I always wonder what people expect when they talk about twitter's algorithm as if this some sort of Deus Ex level AI developed in the depths of Area 51. If anyone wants twitter's algorithm I guess all you need is to download some arxiv papers on state of the art recommender systems and it's probably going to look like that.
I work on FAANG-scale recommender systems. Most of the time, due to the scale of the problem, the algorithms powering these systems are not anywhere near state of the art. On the other hand, they are highly optimised for the situation. You can bet that every aspect of the Twitter algorithmic feed has been thoroughly debated, thought through and most importantly A/B tested.

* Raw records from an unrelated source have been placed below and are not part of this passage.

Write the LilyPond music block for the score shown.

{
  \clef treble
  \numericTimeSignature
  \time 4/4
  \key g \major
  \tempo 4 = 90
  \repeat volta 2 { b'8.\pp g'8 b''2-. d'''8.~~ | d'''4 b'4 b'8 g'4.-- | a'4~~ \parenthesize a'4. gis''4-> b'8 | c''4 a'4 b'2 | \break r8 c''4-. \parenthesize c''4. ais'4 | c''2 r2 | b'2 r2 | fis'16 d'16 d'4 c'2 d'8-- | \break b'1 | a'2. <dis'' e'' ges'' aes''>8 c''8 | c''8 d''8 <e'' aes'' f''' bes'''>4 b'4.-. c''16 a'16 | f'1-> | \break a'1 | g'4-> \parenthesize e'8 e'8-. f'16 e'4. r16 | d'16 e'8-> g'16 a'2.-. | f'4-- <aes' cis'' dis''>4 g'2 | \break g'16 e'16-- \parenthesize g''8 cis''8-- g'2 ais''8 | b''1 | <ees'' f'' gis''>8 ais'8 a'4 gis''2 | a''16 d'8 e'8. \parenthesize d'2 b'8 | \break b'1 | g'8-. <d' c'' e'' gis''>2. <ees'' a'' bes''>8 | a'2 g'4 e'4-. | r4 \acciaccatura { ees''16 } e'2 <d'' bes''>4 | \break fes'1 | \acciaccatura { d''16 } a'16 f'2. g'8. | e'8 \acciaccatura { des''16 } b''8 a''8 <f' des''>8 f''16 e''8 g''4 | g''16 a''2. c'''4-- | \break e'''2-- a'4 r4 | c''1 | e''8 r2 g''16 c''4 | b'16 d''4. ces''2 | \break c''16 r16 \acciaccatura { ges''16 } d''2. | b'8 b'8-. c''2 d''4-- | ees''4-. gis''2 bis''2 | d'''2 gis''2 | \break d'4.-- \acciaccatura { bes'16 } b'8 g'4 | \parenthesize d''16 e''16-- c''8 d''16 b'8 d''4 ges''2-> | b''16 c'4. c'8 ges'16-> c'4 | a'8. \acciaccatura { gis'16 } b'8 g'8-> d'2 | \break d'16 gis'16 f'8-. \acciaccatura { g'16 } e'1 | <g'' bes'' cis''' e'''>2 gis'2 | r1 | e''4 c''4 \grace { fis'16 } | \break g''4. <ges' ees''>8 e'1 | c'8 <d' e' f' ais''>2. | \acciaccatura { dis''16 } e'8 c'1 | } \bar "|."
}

People speak of "the algorithm" as if it were an animal spirit or American god to appease and to implore. I suppose this is our zeitgeist. Your explanation helps give me and others a conceptual grasp on the nature of the thing, so thank you.
Would you be open to have a discussion about FAANG-scale recommender systems? I have a small website that could heavily profit such a recommender system. With 200k daily visitors there should be enough data to train a model, but our current implementation sucks and barely beats random.
Not the person you're asking, but i'm curious what your current approach is. In my first job (ecommerce site) I built a (very slow) recommendation system based on k-means clustering and it did a pretty good job of clustering customers based on interest and suggesting products, definitely better than random.
Building it today would be much faster because there are actually proper libraries/programs for doing this, rather than my inefficient vanilla Python implementation.
I worked at one of the FAANGs and the algorithms were definitely state of the art in some ways. Maybe they didn't use the latest models but the sheer size of, for example models, was huge. Easily 500+ features inputted and hundreds of millions of parameters for deep models.
Twitter's scale and real-time nature make it a difficult beast. Their network graph contains hundreds of millions of nodes and billions of edges.
And it's constantly updating. So any graph ML algorithms you want to use have to deal an underlying graph that's eventually consistent at best — and oftentimes very sparse in terms of feature availability.
Also yeah, most people talk about "Twitter's algorithm" but have no idea what it is they're talking about — that's exactly why I wanted to write on this topic :)